Slow decisions cost money. When it takes too long to move from quotation to policy issue or from claim submission to claims closure, insurers lose customers and costs increase.

Silos are not just about technology

The silo problem is often described as a legacy issue. In practice, it is usually a mix of structure, incentives and sequencing.

A SAS and Risk.net insurance research report describes gaps in decision-making across functions and the difficulty of consistently sharing data and analytics across the business. Significantly, only 28% of respondents said their organisation is “very confident” in its ability to use data and analytics effectively.

In a South African context, that gap often shows up in familiar moments: a customer receives a retention offer while a claims dispute is still unresolved; a broker gets one view of product eligibility while the call centre uses another; a legitimate claim triggers an overcautious fraud rule because the model cannot see context from service history; or a premium increase is technically justified, but poorly explained, and the customer churns.

SAS agile insurance

When teams use different data definitions, errors and rework increase, leading to additional compliance checks and slowing core operations. Of course, technology alone will not fix this. AI can help, but if we do not redesign workflows and clarify who owns what, we just create silos faster and may continue working in silos.

What ‘agile insurance’ actually means for CIOs

Agility in insurance is often framed as speed. In reality, it is the ability to change direction without breaking governance, customer trust or operational stability.

That requires a shift from “analytics as projects” to “analytics as infrastructure”. The goal is not more dashboards. It is decision consistency, where marketing, underwriting, pricing, fraud and claims management can act on the same underlying truth, apply the same governance standards, and understand trade-offs between growth, risk and service.

This is where cloud and modern data architecture matter; they enable scaling analytics, reusing models and applying controls consistently, rather than rebuilding decision logic function by function.

AI raises the stakes on governance

Locally, SAS argues that insurers are entering a period in which AI is no longer optional experimentation. It is becoming embedded in operational decision flows, raising the bar for transparency, model management and responsible use.

This is the part CIOs cannot delegate. As AI becomes more present in pricing, triage, fraud detection and service automation, the organisation needs to be able to answer basic questions quickly and defensibly: what data was used? Which model made the recommendation? What constraints were applied? How is drift monitored? Who owns the outcome?

If the business cannot trace decisions, it cannot scale them. Worse, it cannot correct them quickly when conditions change.

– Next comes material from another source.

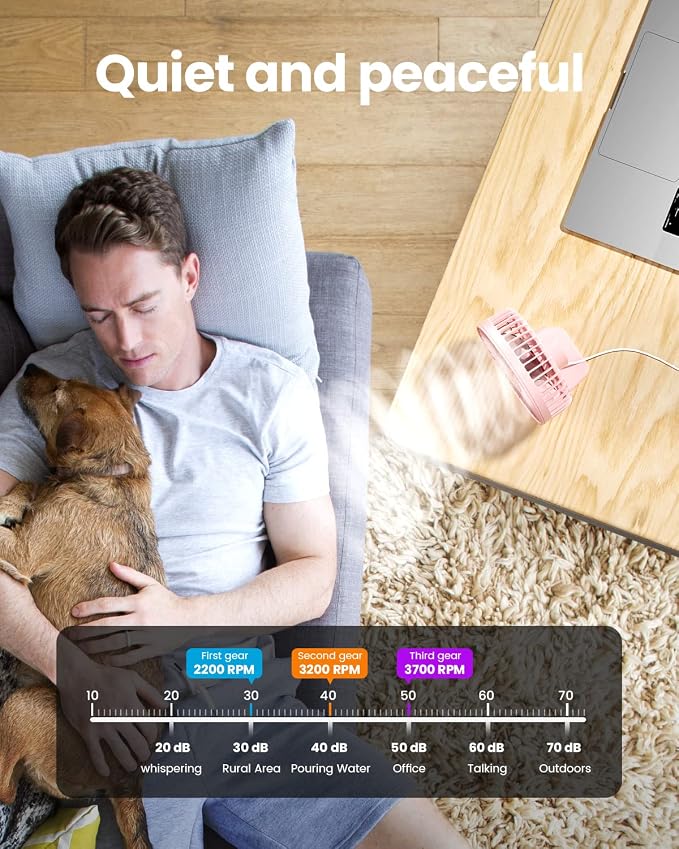 Gaiatop USB Desk Fan, Small But Powerful, Personal Portable Quiet 3 Speeds - Image 7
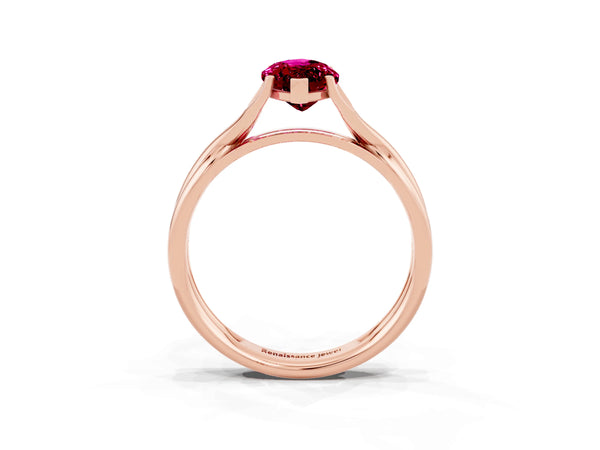 Rose gold Marquise Cut Garnet Solitaire Twist Band Prong Setting Ring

From disjointed teams to an intelligent enterprise

Even though technology can help, fragmented technology investment is a poor substitute for a cohesive strategy. For South African insurers, the practical path forward is not transformation but disciplined integration.

This can take the form of unifying data definitions that drive customer and policy truth and standardising how models are deployed and monitored across functions. Furthermore, insurance should build governance that operates at operational speed and prioritise decision journeys where cross-functional conflict is most costly, such as onboarding, claims handling, fraud escalation and retention.

SAS agile insurance

Done properly, breaking silos becomes profitable. It reduces duplicate work, limits conflicting customer interactions, improves model performance by providing better context, and gives executives a clearer line of sight into risk and return.

The research signals that insurers already understand the pressure. The organisations that will gain the most momentum will be the ones that treat data and analytics as the connective tissue of the operating model, not a set of disconnected initiatives.